--- START ---

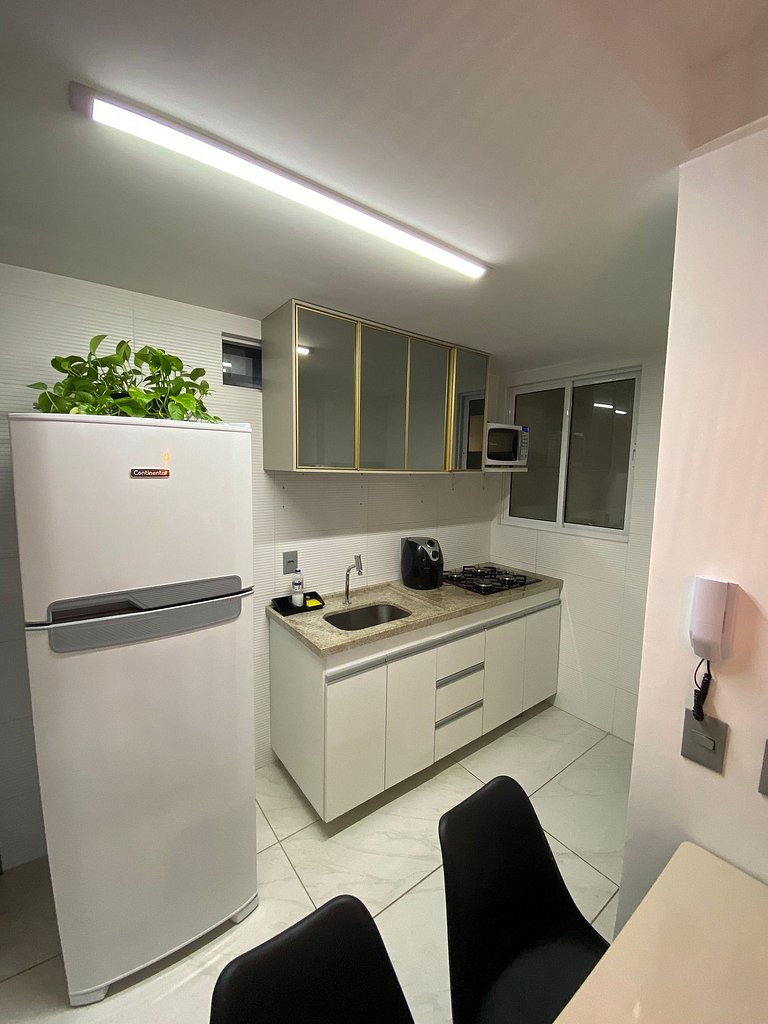 304B - Luxo vista mar e pé na areia- Branco Haus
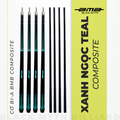 Cơ Bida BMB Xanh Ngọc Teal – Ngọn Composite, Đánh Ổn, Xoáy Đỉnh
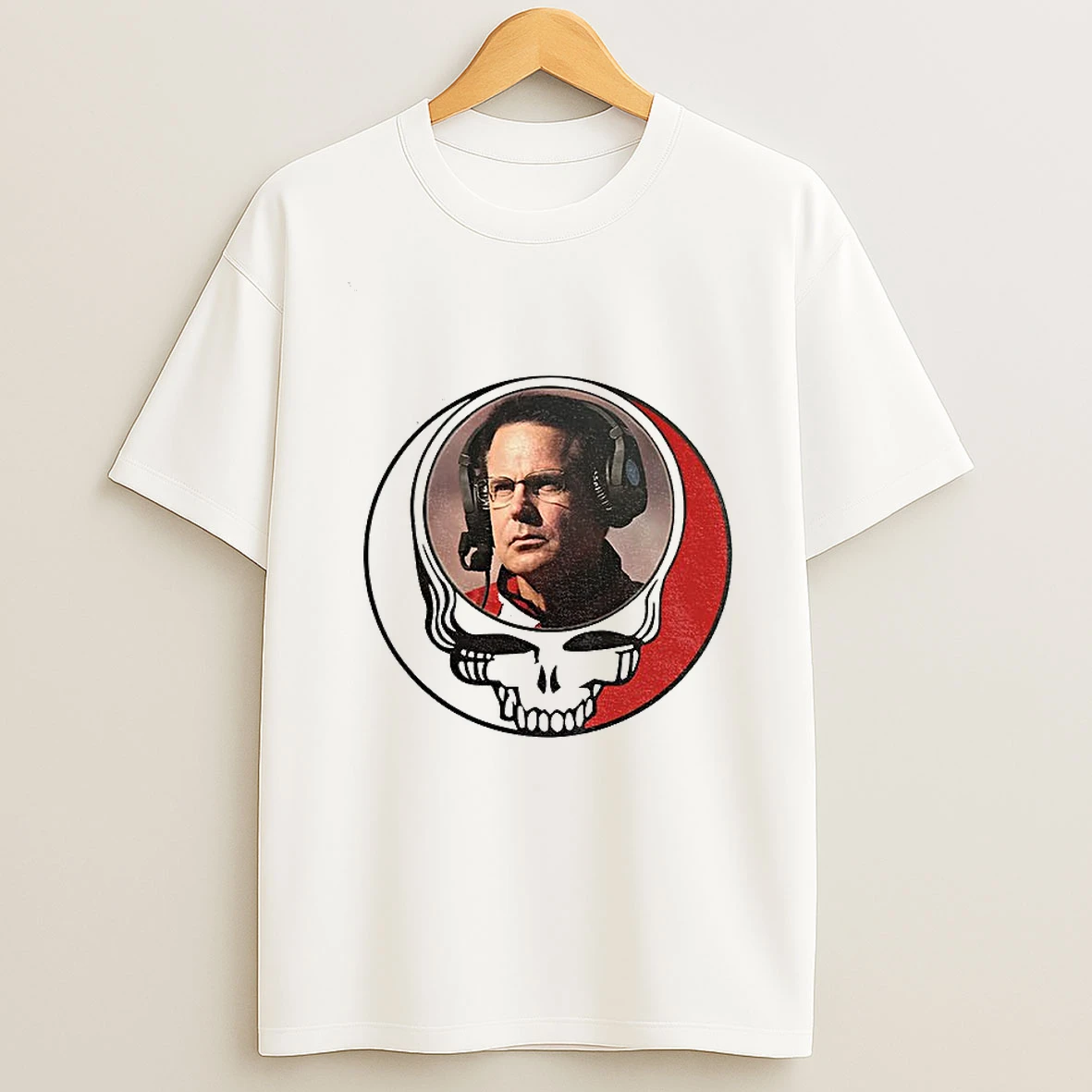 Curt Cignetti Inspired Indiana Hoosiers Football Grateful Dead T Shirt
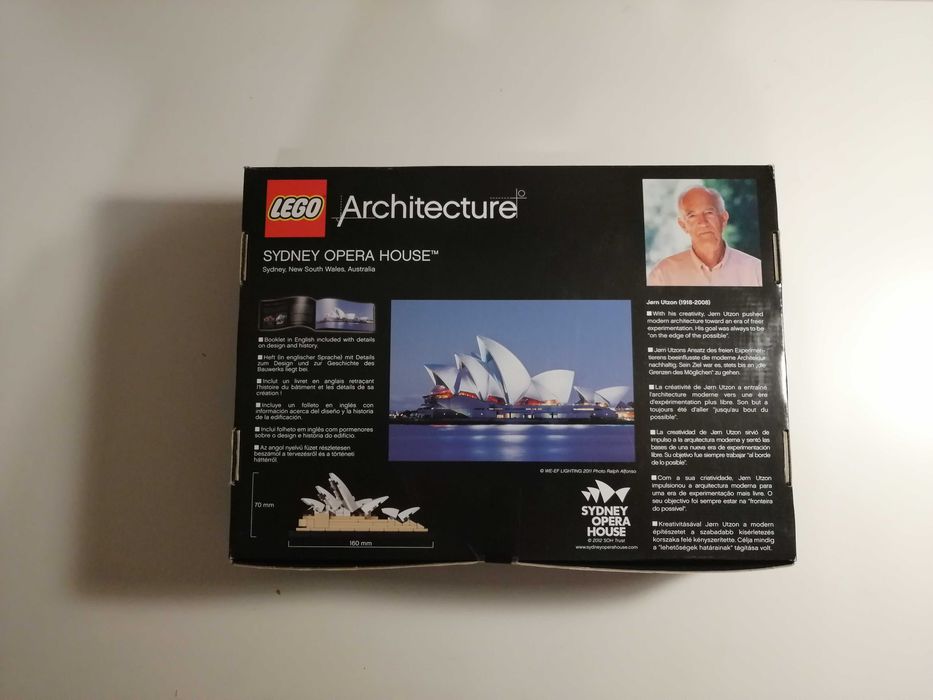 LEGO Sidney 21012428501770532311041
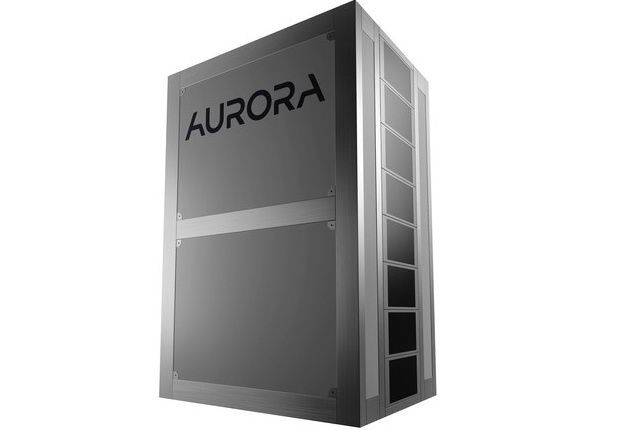 CINECA urora superkomputer zdjęcie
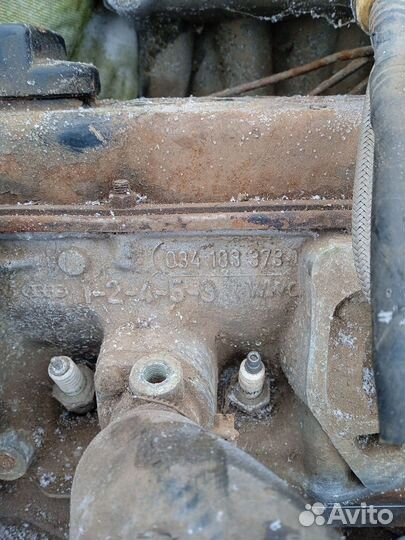 Двигатель для ауди пятицилиндровый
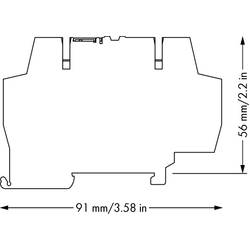 WAGO 792-800 Überspannungsschutzmodul Grau 1 St.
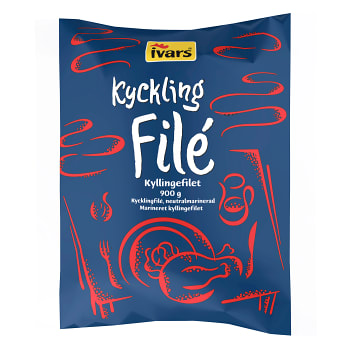 Kycklingfilé Fryst 900g Ivars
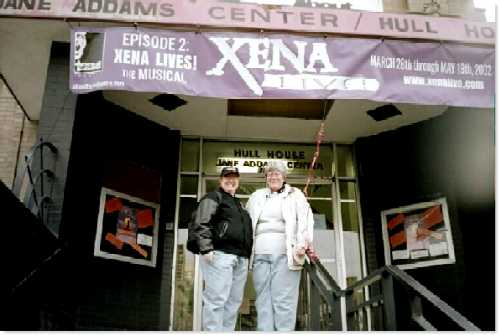 A modern-day pilgrimage comes to an end.  Did Xena ever meet Chaucer?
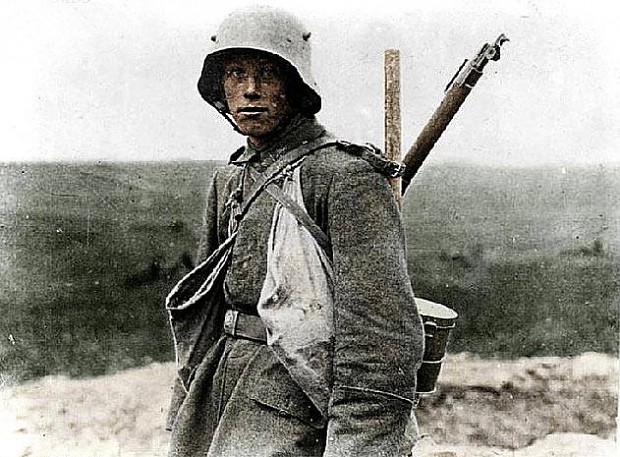 Young German Soldier (1918)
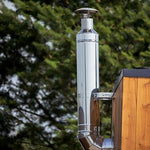 HUUM Thru-Wall Chimney Kit - Elite Vitality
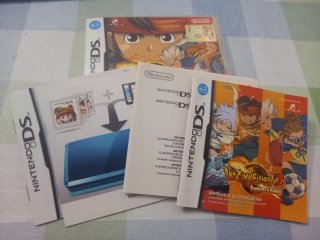 Gioco nin ds Inazuma Eleven 2: Tempesta di Fuoco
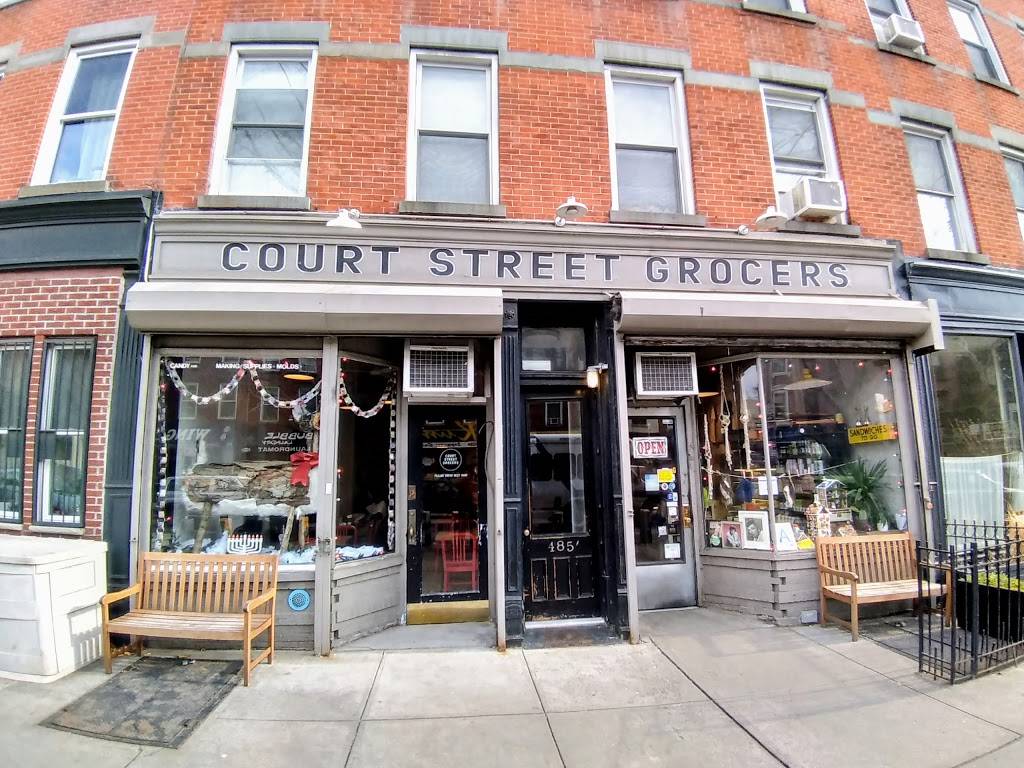 Court Street Grocers | restaurant | 485 Court St, Brooklyn, NY 11231, USA | 7187227229 OR +1 718-722-7229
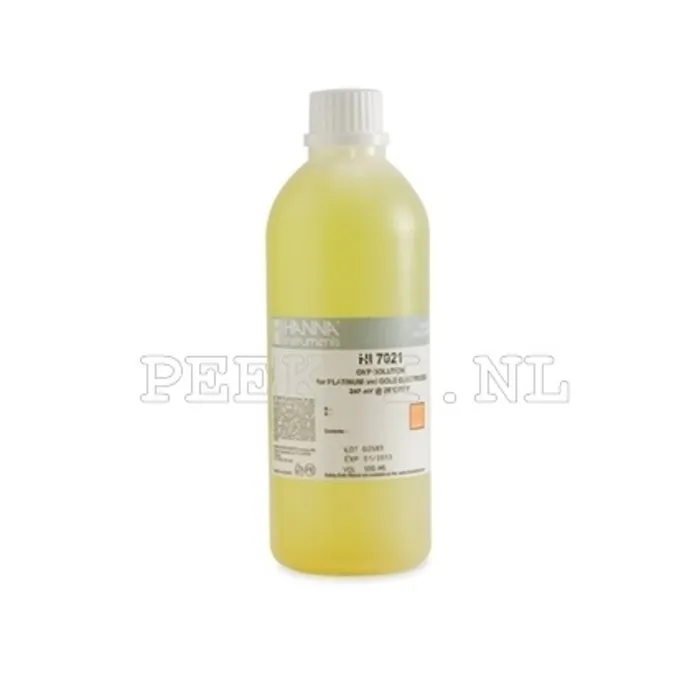 Hanna Kalibratie vloeistof 7021L +240 mV Redox test vloeistof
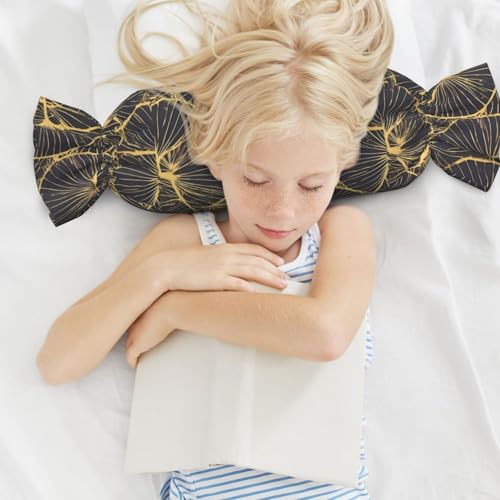 Almohada espuma viscoelástica tamaño único negra miniatura 6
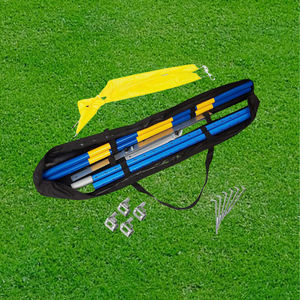 อุปกรณ์ฝึกสุนัข USMILEPET รุ่นขายดี รั้วเหล็กสำหรับฝึกความคล่องตัว ปีกกระโดดสำหรับสุนัข - Product Image 5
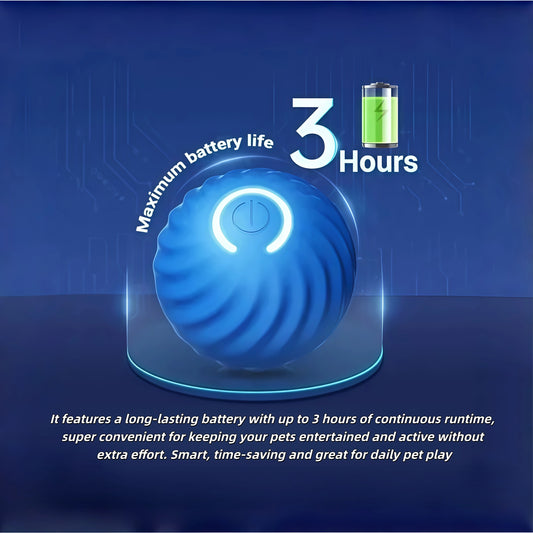Smart Interactive Bouncing Ball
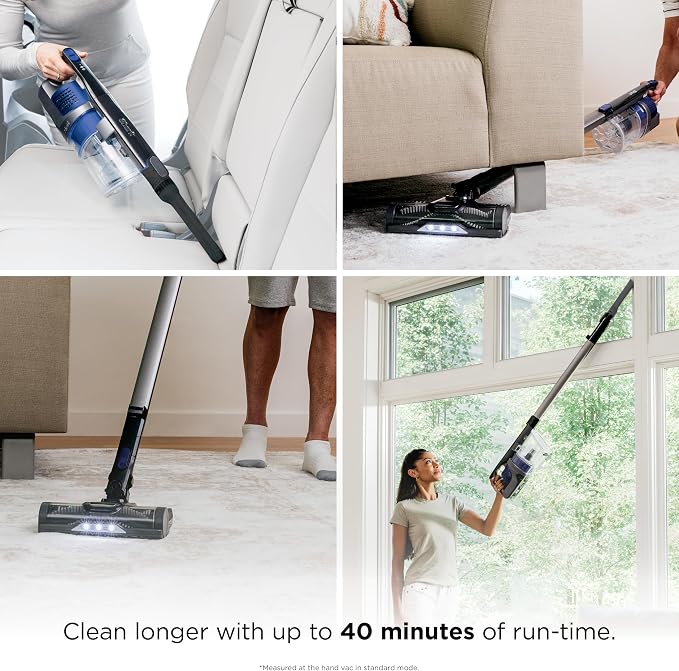 Shark | Pet Cordless Vacuum Cleaner | LED Headlights | Removable Handheld Vacuum - Image 3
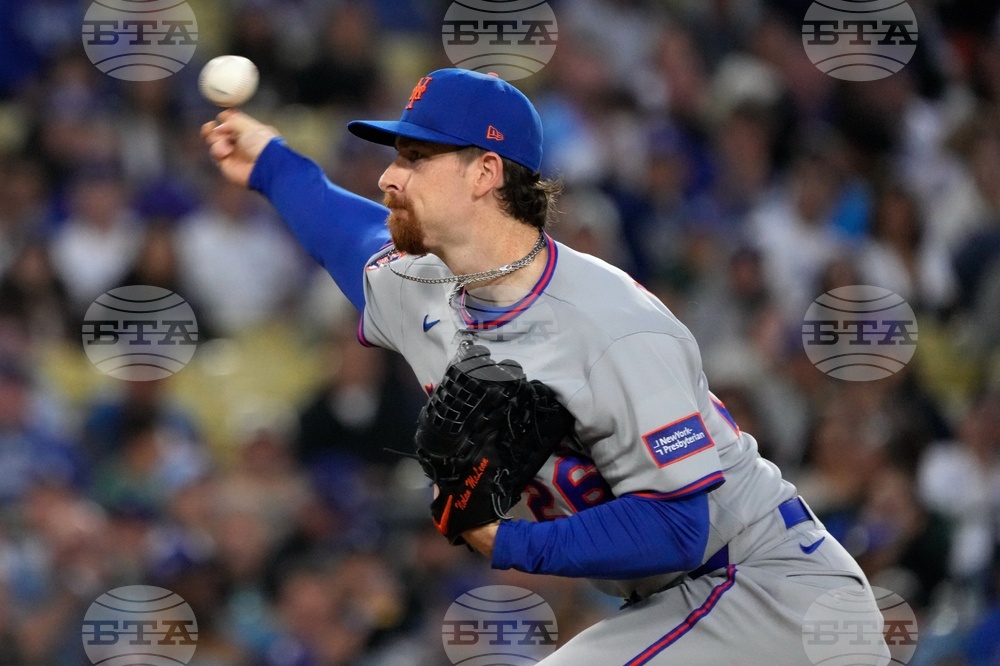 Mets Dodgers Baseball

--- END ---

Work required
Given the records above, return the lines starting at the one that holds "Curt Cignetti Inspired" and ending at the one that holds "Young German Soldier (1918)", exactly, and nothing besides; leave every picture out.

Result of the exercise
 Curt Cignetti Inspired Indiana Hoosiers Football Grateful Dead T Shirt
 LEGO Sidney 21012428501770532311041
 CINECA urora superkomputer zdjęcie
 Двигатель для ауди пятицилиндровый
 WAGO 792-800 Überspannungsschutzmodul Grau 1 St.
 Kycklingfilé Fryst 900g Ivars
 A modern-day pilgrimage comes to an end.  Did Xena ever meet Chaucer?
 Young German Soldier (1918)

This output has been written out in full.